Forums » Suggestions
Give new players pseudo roles
The problem being addressed here is new players often dont stick around in the game long enough to make it "fun", they're stuck wandering around in free or nearly free ships and logoff never to return before doing much. And that's partly because they're mostly mobile and it's not the easiest interface to interact with players or bots in. And it's partly because there is no real direction for them to take and they wander around aimlessly for too long and get bored. Assuming they make it through the tutorial even.
A possible solution to this is for new characters to be given a choice after your faction selection of choosing if you want to register with the Government as a Trader, a Miner, or a Mercenary. The choice puts the new player into the life of a freshly indoctrinated member of that particular job category with certain government privileges.
This choice would probably best be implemented as a mission that the player is required to select from right after the tutorial/training missions. Picking 1 is necessary to unlock the job related ship and picking one excludes the ability to pick the others. After selecting, you have access to a variant of the EC89 bus with certain built in and buffed qualities not available to the other job and possibly special missions.
Trader : increased cargo space, butter thrust (lower turbo energy so you can turbo longer), lower armor...
Miner : less cargo space than trader. Weapon port is hard coded to a mining beam that is significantly better than the regular small port mining beam ... early miners will likely mine in station sectors anyway so no weapons should be fine.
Mercenary : decreased cargo space, little bit better thrust and turbo energy usage. Increase in armor and hard-coded weapon that is an Ion blaster mk1 but with enhanced speed. 160m/s...
these are just shot in the dark suggestions as to what a license level 1 or less person has available and what they'd find most helpful...while making sure it's usefulness doesn't obsolete anything the license levels unlock.
The special ships would probably best be handled by the mission system as well. You'd have a mission dictated by whatever job you registered with to submit a claim against your government insured ship if you lose the first one and you'd be given a new one.
This would give new players a taste at what the game will let them utilize right off the bat without telling them that they'll need to start grinding immediately to be able to do anything. We should push that back a bit until the player has a couple hours of gametime invested so they dont just drop off like flies. Give them a sense of something they should be doing and allow the sandbox and grinding to come naturally off that instead of being lost with having no direction.
While this idea's function ends once the player is up in license 2-3 area it could be extended to give other "job" related missions. Of which would mostly be geared towards helping new players work through the first few license levels. Maybe by offering items related to their field ahead of the normal license level required assuming they are engaging in their job area. It's all a means to keep the open-ness and directionlessness of the game at bay for those first few hours until they're ready both in-game and mentally to just do what they want without losing interest during the dull parts.
A possible solution to this is for new characters to be given a choice after your faction selection of choosing if you want to register with the Government as a Trader, a Miner, or a Mercenary.
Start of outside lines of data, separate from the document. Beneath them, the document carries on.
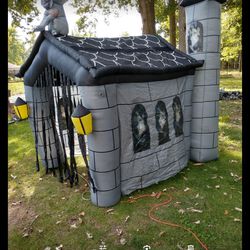 Gemmy Inflatable Castle Wing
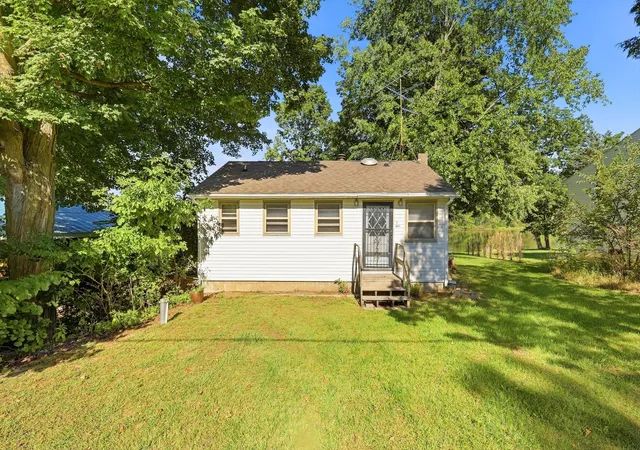 Photo 2 of Single family home for sale at 3511 Lake Allegan Dr, Allegan, MI 49010 | MLS# 65026048586 | Listing updated on 2026-09-15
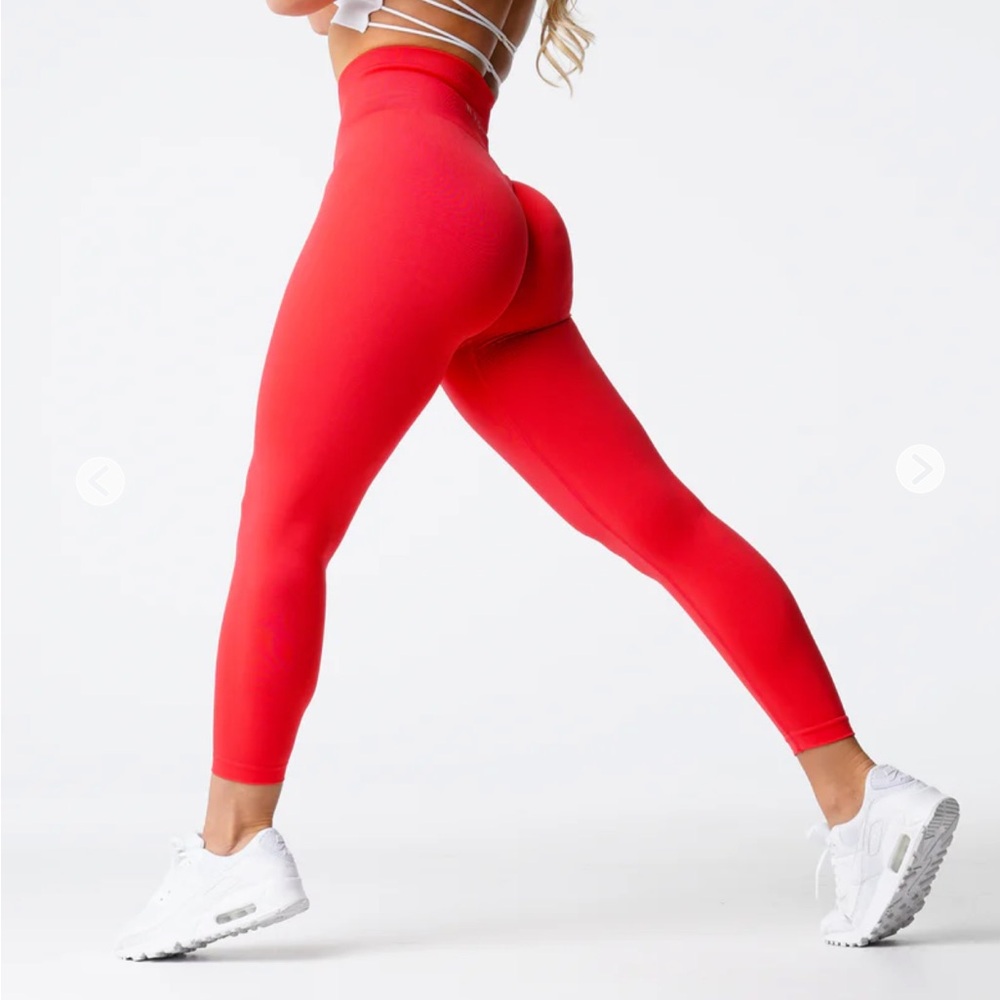 NVGTN Scarlet Solid Seamless Leggings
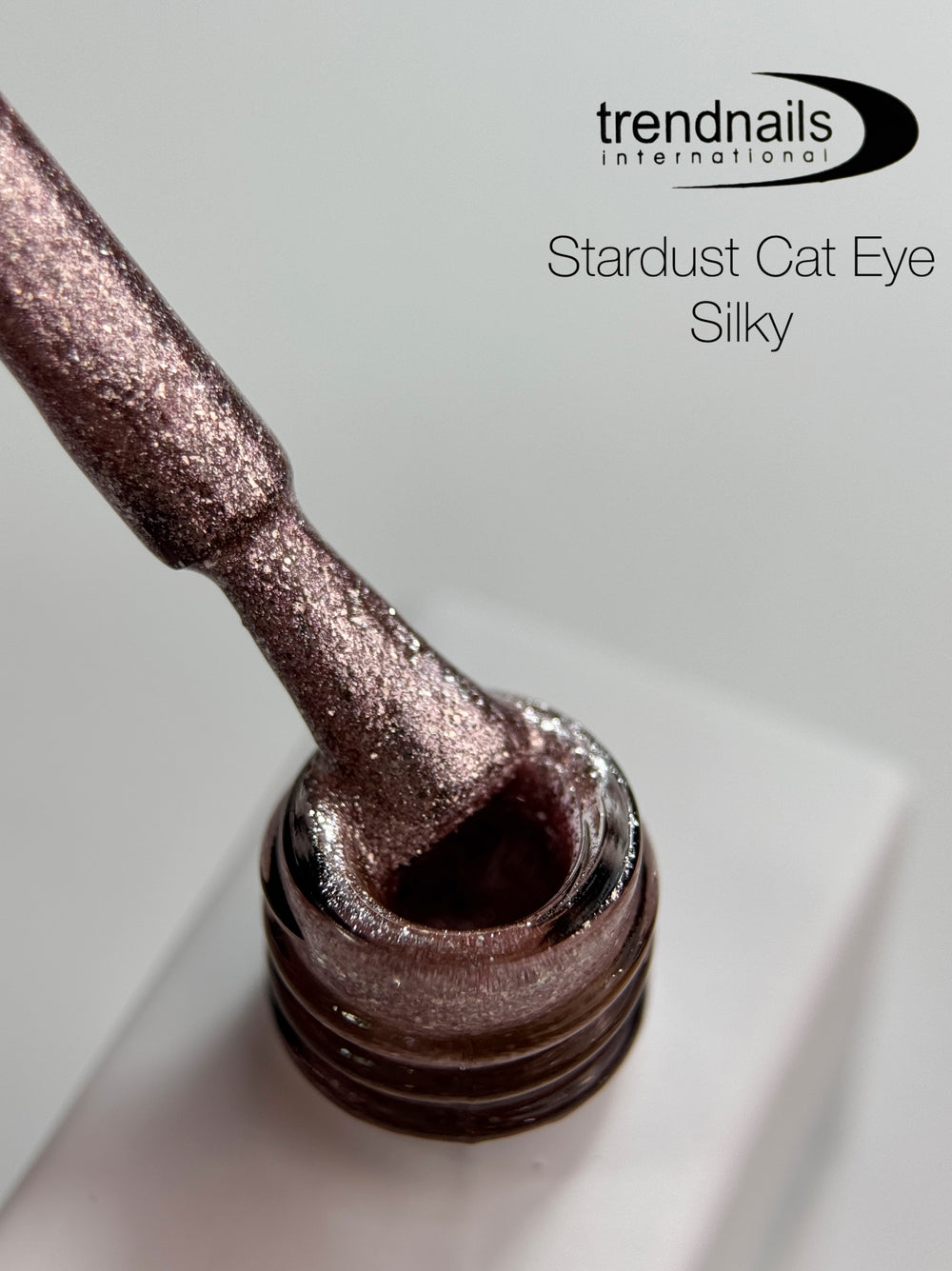 Stardust Cat Eye Gel Polish SILKY ROSE 12ml von Trendnails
The choice puts the new player into the life of a freshly indoctrinated member of that particular job category with certain government privileges.
This choice would probably best be implemented as a mission that the player is required to select from right after the tutorial/training missions. Picking 1 is necessary to unlock the job related ship and picking one excludes the ability to pick the others. After selecting, you have access to a variant of the EC89 bus with certain built in and buffed qualities not available to the other job and possibly special missions.
Trader : increased cargo space, butter thrust (lower turbo energy so you can turbo longer), lower armor...
Miner : less cargo space than trader. Weapon port is hard coded to a mining beam that is significantly better than the regular small port mining beam ... early miners will likely mine in station sectors anyway so no weapons should be fine.
Mercenary : decreased cargo space, little bit better thrust and turbo energy usage. Increase in armor and hard-coded weapon that is an Ion blaster mk1 but with enhanced speed. 160m/s...
these are just shot in the dark suggestions as to what a license level 1 or less person has available and what they'd find most helpful...while making sure it's usefulness doesn't obsolete anything the license levels unlock.
The special ships would probably best be handled by the mission system as well. You'd have a mission dictated by whatever job you registered with to submit a claim against your government insured ship if you lose the first one and you'd be given a new one.
This would give new players a taste at what the game will let them utilize right off the bat without telling them that they'll need to start grinding immediately to be able to do anything. We should push that back a bit until the player has a couple hours of gametime invested so they dont just drop off like flies. Give them a sense of something they should be doing and allow the sandbox and grinding to come naturally off that instead of being lost with having no direction.
While this idea's function ends once the player is up in license 2-3 area it could be extended to give other "job" related missions. Of which would mostly be geared towards helping new players work through the first few license levels. Maybe by offering items related to their field ahead of the normal license level required assuming they are engaging in their job area. It's all a means to keep the open-ness and directionlessness of the game at bay for those first few hours until they're ready both in-game and mentally to just do what they want without losing interest during the dull parts.